JEUNESSE (LE PRINTEMPS)
Critique du film
À la sortie d’Un couple, sa deuxième œuvre de fiction en cinquante ans de carrière, le réalisateur de documentaires Frederick Wiseman annonçait : « Je n’ai fait que des fictions. » Wang Bing pourrait reprendre cette phrase à son compte car dès lors qu’il pose sa caméra dans un lieu, auprès d’hommes et de femmes, ce qui s’organise devant l’objectif a tout à voir avec une construction fictive : les scènes auxquelles on assiste sont si authentiques qu’on ne peut pas imaginer que la présence de la caméra n’en ait pas altéré la réalité. Cette magie de la mise en scène documentaire est à l’œuvre depuis plus d’une vingtaine d’années chez le réalisateur chinois. Fidèle à sa méthode de travail, il a pour habitude de s’immerger durant un temps très long au cœur d’un quotidien, retraçant les mutations de la Chine industrielle (A l’ouest des rails, 2002) autant qu’il fait le portrait de personnes ordinaires, au plus près de leur intimité (Madame Fang, 2017). Pour Jeunesse (le printemps), sélectionné en compétition au festival de Cannes et prolongement d’Argent amer (2016), il a passé cinq ans dans des ateliers de textile situés à Zhili, à 130km de Shanghai.
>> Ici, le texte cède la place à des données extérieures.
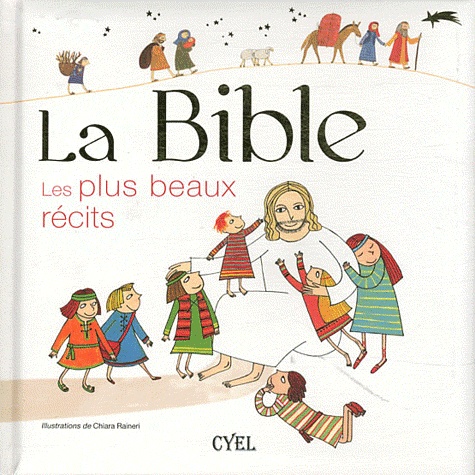 Chiara Raineri - La Bible - Les plus beaux récits.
Nous ne quitterons quasiment jamais le rectangle de béton qui abrite à la fois les ateliers et les habitations partagées des ouvriers, venus de la campagne tels des saisonniers pour travailler à la confection de vêtements et d’objets pour la plupart destinés au commerce national. L’insalubrité fait partie de leur décor naturel et en dit long sur leurs conditions de travail, qui se confondent avec leurs conditions de vie. Cet espace clos pourrait être carcéral s’il ne dévoilait pas une structure familiale : l’entreprise est de petite taille, le patron accessible, la caméra déambule dans les couloirs comme s’il n’y avait pas de mur entre les différentes pièces. Elle relie les étages jusqu’à en faire un seul et même terrain où tout le monde serait égal. Malgré cette apparente transparence, les relations hiérarchiques sont marquées. Ce même patron accessible rechigne à améliorer le cadre d’existence de ses employés, interchangeables, à tel point que négocier quelques yuans supplémentaires devient un combat quotidien, harassant, qui revient comme une rengaine et constitue le cœur des revendications.
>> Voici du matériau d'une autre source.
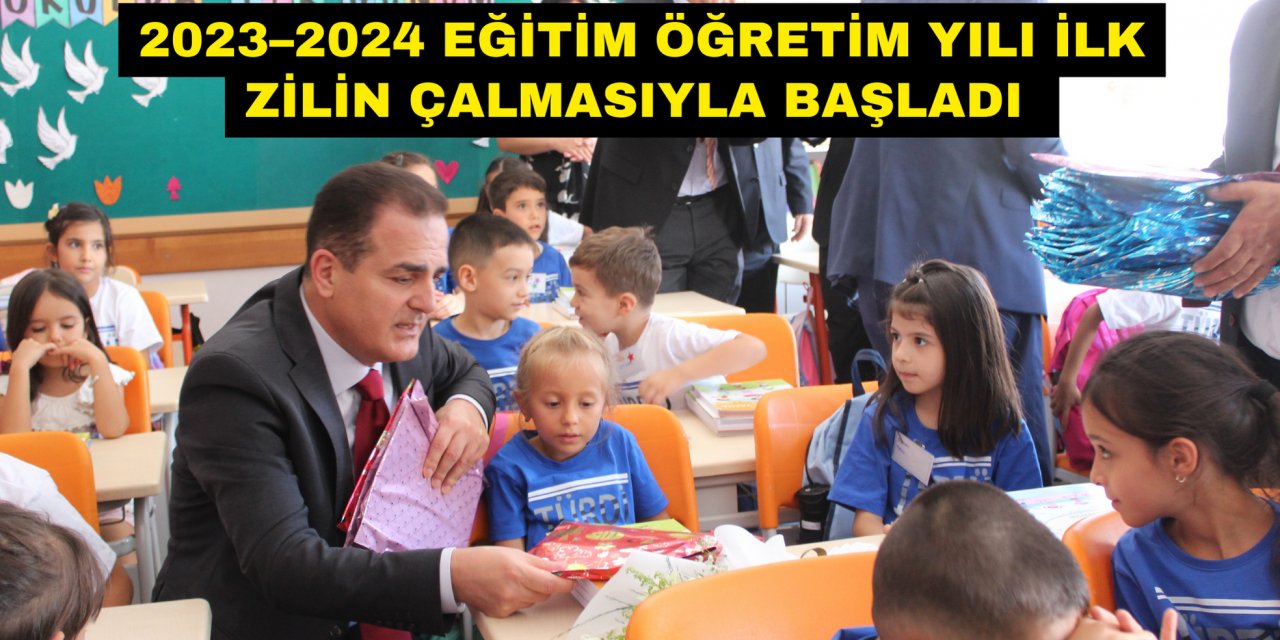2023–2024 EĞİTİM ÖĞRETİM YILI İLK ZİLİN ÇALMASIYLA BAŞLADI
La jeunesse du titre est celle des ouvriers, dont l’âge (souvent mineur) apparait sur l’écran. Étonnement, leur jeunesse est réjouissante en ce qu’elle leur donne des caractères bien trempés. L’un d’entre eux veut partir et évoque devant son patron la possibilité de démissionner, avec un aplomb qui surprend ; un couple se forme, comme deux amoureux dans un lycée sous le regard de leurs camarades. En fait, Wang Bing capte avec une justesse de regard et sans aucun misérabilisme ce lieu comme s’il s’agissait d’un internat. Timidité amoureuse, chamailleries, crises de fou rire, agacements, il y a quelque chose de la vie d’un groupe d’étudiants dans les interactions de ces ouvriers.
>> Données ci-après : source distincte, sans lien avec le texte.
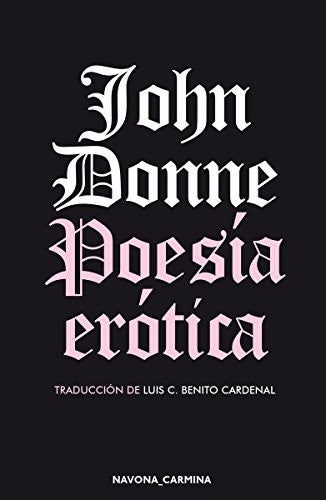 Poesía erótica [Paperback] Donne, John and Benito Cardenal, Luis Carlos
Jeunesse (le printemps) est un geste fort de cinéma social de 3h30, dont la durée demeure malgré tout inexplicable. De quoi est-elle la signification ? On pourrait avancer qu’elle provoque l’effet d’une routine, d’une impasse salariale à cause des demandes sans fin d’augmentation, ou encore d’un vertige lié au travail à la chaine. Mais on ne peut pas s’empêcher de penser qu’une durée plus courte n’aurait rien changé à la puissance du documentaire, ni même à l’effet de quotidienneté, pour raconter le travail de l’ombre de ces petites mains auxquelles Wang Bing offre un récit, un visage, une existence politique et un avenir.